If there’s one flaw in all of this, it’s that Prince Henry never feels very conflicted about this choice. He’s always a youthful conspirator, declaring opening in Part I that his intention is to eventually leave all of his old friends behind. And though watching his father pass away into his arms tips the scales toward obeying his father and becoming the war hero king, he doesn’t express anything but resolve or offer anything but correction to the skeptical faces populating his court. The way Hiddleston plays the Prince, there’s only venom in his rejection of Falstaff, eviscerating every last weakness, flaying the poor guy in front of everyone. And in the saddest bit of denial, Falstaff still tries to tell his friends that the king will call on him again in private, that they just can’t have a public relationship. That’s the precise moment everything goes to shit, as arrests are finally made. It’s a tragically simple ending for one of Shakespeare’s greatest characters played by one of the greatest living Shakespeare actors.
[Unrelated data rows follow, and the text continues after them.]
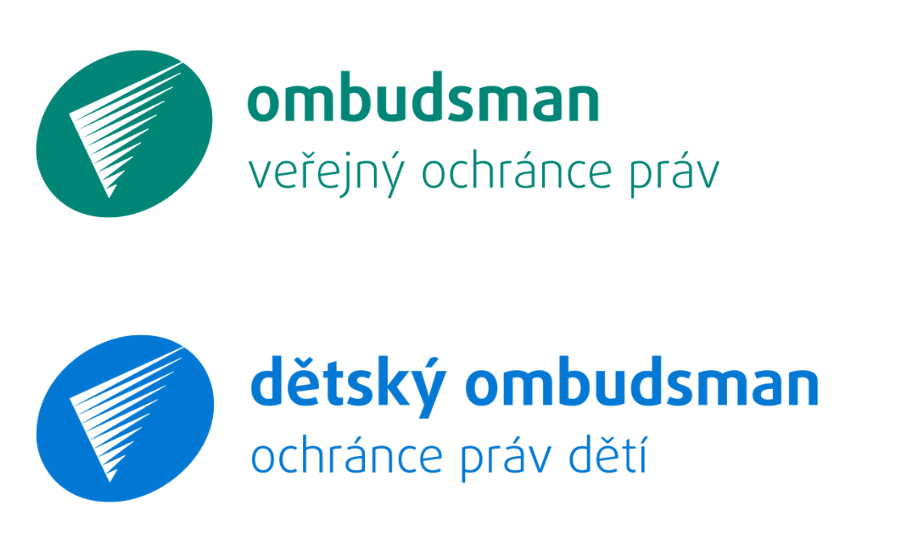logo ombudsmana - křídlo v kolečku a text ombudsman - veřejný ochránce práv a logo dětského ombudsmana - totéž křídlo v kolečku a text dětský ombudsman - ochránce práv dětí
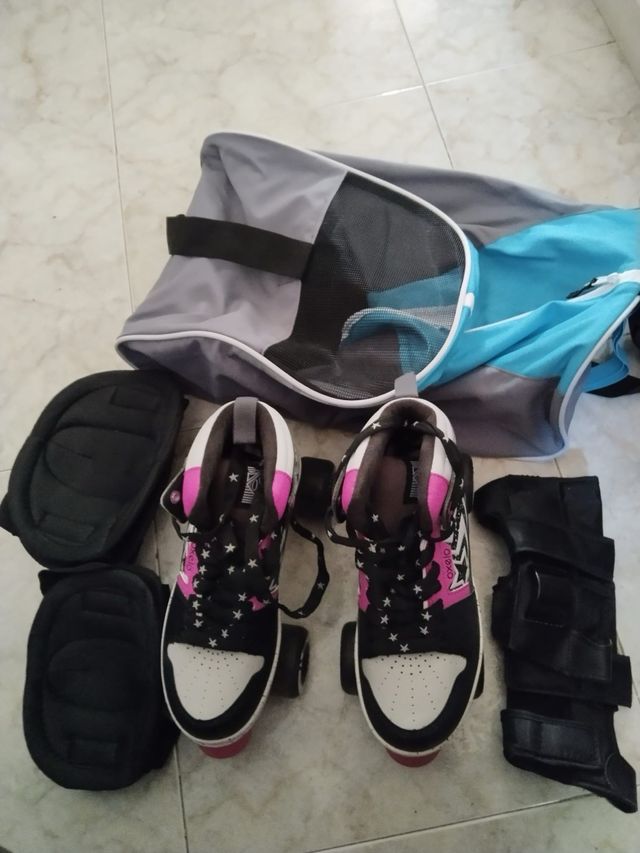 Patines 4 ruedas y rodilleras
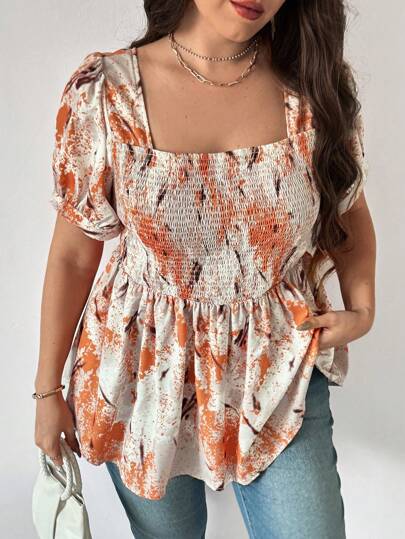 SHEIN Privé Plus Size Allover Print Square Neck Casual Short Sleeve Blouse, Summer Vcay Fall Top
Orson Welles saw perhaps too much of himself in the rotund megalomaniac cad with aspirations of ascending to the highest possible social status while simultaneously indulging in his baser impulses. Why else would he claim Chimes At Midnight to be his personal favorite film? The Hollow Crown has adequately re-adapted both parts of Henry IV, but they stop short of anything more than solid baselines for adapting these two plays. Again, the plays are hampered by the thematic and aesthetically reined in style, and preserve most of the subplots in some small form so as to maintain a consistent approach over four films. For that to work every other aspect has to be truly superb. What stands out from Henry IV are a handful of masterfully acted scenes by phenomenal actors, and after that the unfortunate fact that this version would’ve been better off choosing a bold focus and sticking to it instead of shooting for the middle of the road.

Stray observations:

  • Another small bit of history Shakespeare never acknowledges: the future Henry V was around 10 when his father was exiled, and Richard II took him in, and they journeyed to Ireland.
  • Once again, the only significant female character in the play has her lines butchered. Other than that I was pretty happy with how Eyre cut the play manuscript and fit it together, cutting between scenes, moving text around to where it made better sense. And Eyre's staging choices work in his favor, especially the scene of Falstaff and Shallow by the fire.